— WHAT IS EXPECTED —
The result should be the listing below, restated exactly, with its pictures left out.

*** DATASET SECTION ***

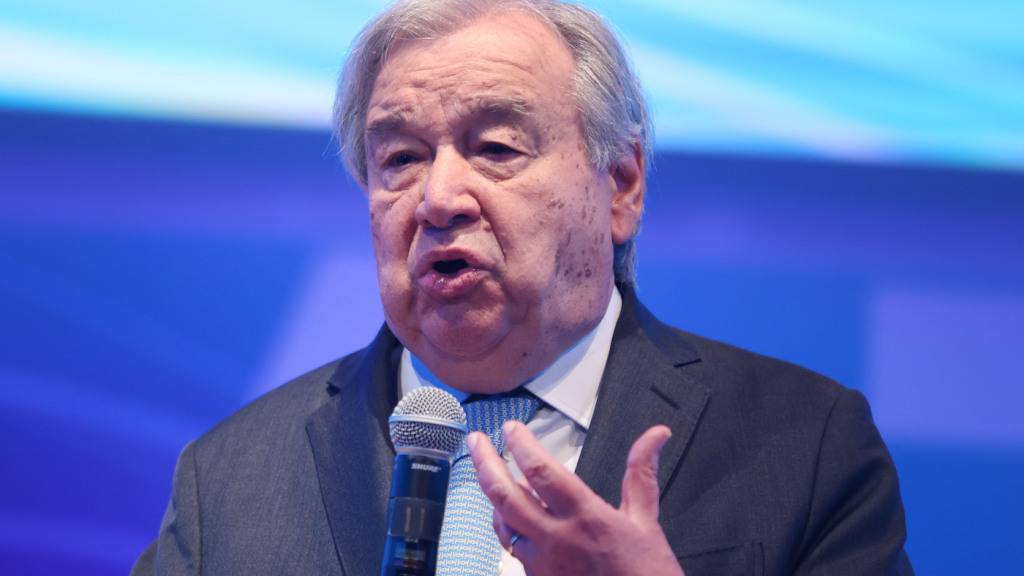 UN-Generalsekretär Antonio Guterres spricht auf der Veranstaltung «Water Forward - Driving Jobs and Prosperity» während der Frühjahrstagung von Weltbank und IWF am Hauptsitz des IWF in Washington. Foto: Gent Shkullaku/ZUMA Press Wire/dpa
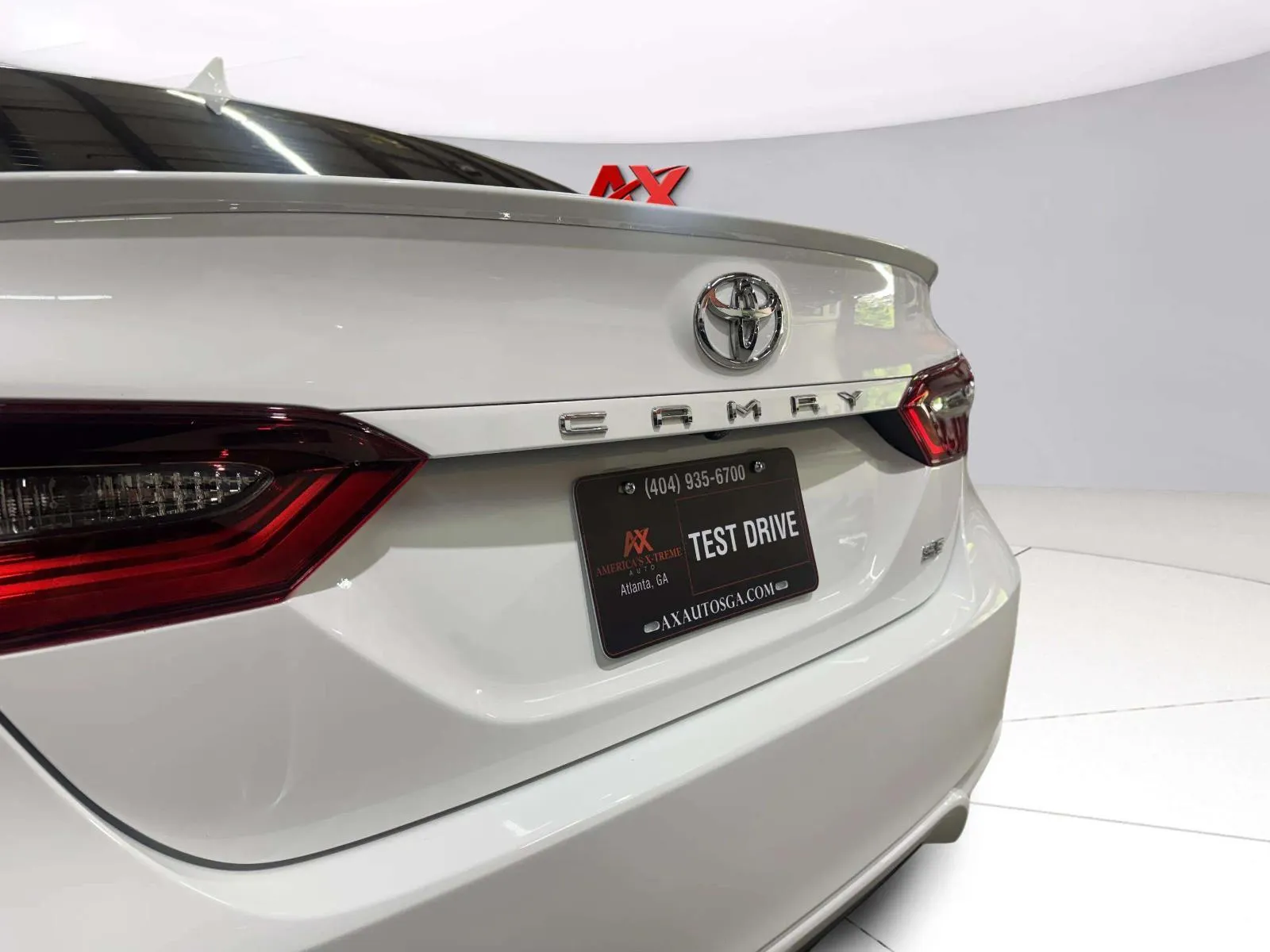 Toyota Camry photo 16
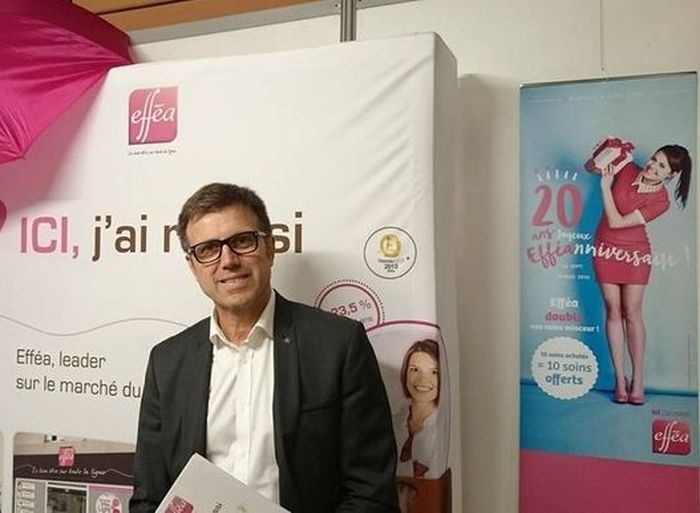 jean michel marin, DG effea, présente le nouveau concept effea shop, pour les 20 ans du groupe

*** End of DATASET SECTION ***

— WRITTEN SOLUTION —
 UN-Generalsekretär Antonio Guterres spricht auf der Veranstaltung «Water Forward - Driving Jobs and Prosperity» während der Frühjahrstagung von Weltbank und IWF am Hauptsitz des IWF in Washington. Foto: Gent Shkullaku/ZUMA Press Wire/dpa
 Toyota Camry photo 16
 jean michel marin, DG effea, présente le nouveau concept effea shop, pour les 20 ans du groupe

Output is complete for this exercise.